Vox is pretty well-known. It’s owned by Vox Media and its editor in chief is Ezra Klein. It’s successful. Much of the site’s traffic is probably by users who visit the site directly, but it is also very active on Facebook, Twitter, YouTube, and Google+. It also has an RSS feed and an email newsletter.
Vox uses AdChoice and thus its advertisers consist of site that its viewers have recently visited. Thus my recent history dictated the ads I received. Discover is also a sponsor on some of their posts.
The news site is well-organized and updated frequently. I cannot think of a way it can be improved.

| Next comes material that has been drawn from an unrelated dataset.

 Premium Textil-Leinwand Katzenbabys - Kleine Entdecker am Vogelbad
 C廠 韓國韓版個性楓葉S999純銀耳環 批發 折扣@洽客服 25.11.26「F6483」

The Coveteur describes itself as “an intimate and voyeuristic look at today’s influencers.” The blog posts beautifully-styled photographs of influential people’s closets and homes. They also post beauty tips, how-tos, health tips and luxury items.

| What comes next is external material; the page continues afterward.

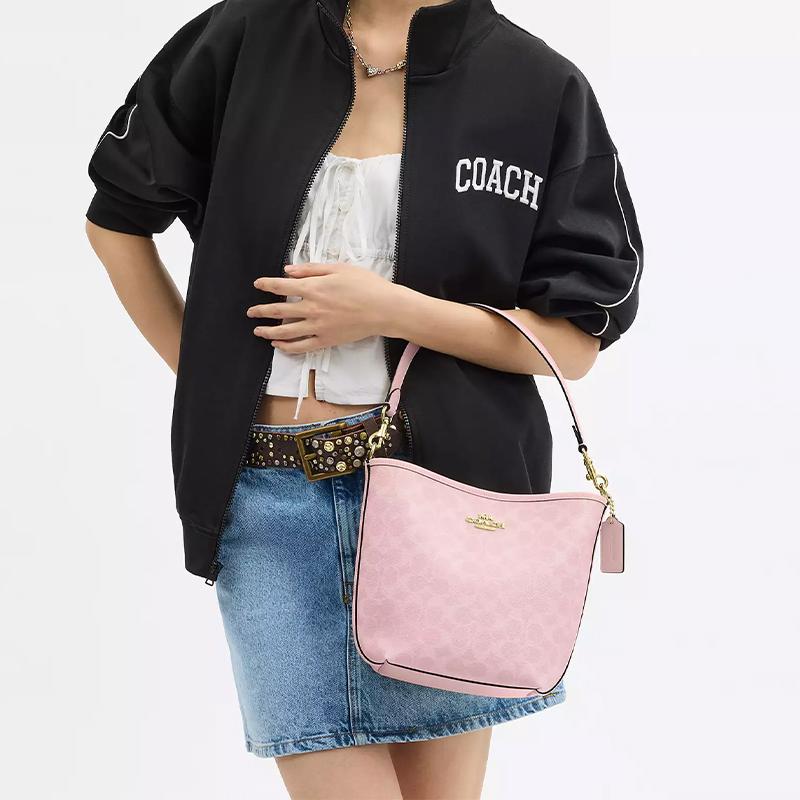 Coach City Bucket 17 Metal Logo Coated Canvas Bucket Bag Women Bags Pink CT800-IMPO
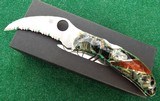 Santa Fe Stoneworks ~ Spyderco "HARPY" 1 of 1 HAND CARVED DINOSAUR Fossil with Jet-Pearl NIB CARVED 2 SIDED 3 DIMENSIONAL ~ STUNNING! - 6 of 13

The Coveteur is a professional blog. They have a full-time staff and post one to two times daily. They photograph celebrities’ homes and luxury items so it follows that their site is visually stunning and clean. The Coveteur is active on social media. They are on Facebook, Twitter, Instagram, Pinterest, YouTube, Tumblr, Google+, and BlogLovin’. Their posts have share buttons so their content can easily be shared by their fans.
The Coveteur is a successful blog. New content is frequently posted and shared widely by both the blog itself and its viewers. They have a large following on all social media platforms and it is very simple to sign up for email updates (the email signup is on every page). It isn’t overtly clear that they have advertisers, but it is safe to assume that a few of their posts contain sponsored content. They also use RewardStyle to both track and monetize on the products they share on their blog (if you hover over a link you can see the source is RewardStyle). I think they keep advertising to a minimum since it is a high-end blog. Advertisers could include luxury items and retailers, such as Net-a-Porter and Neiman Marcus, however.
I think the blog is very well-organized. The only thing I would add is a blogroll. I’d like to know what blogs the staff frequents.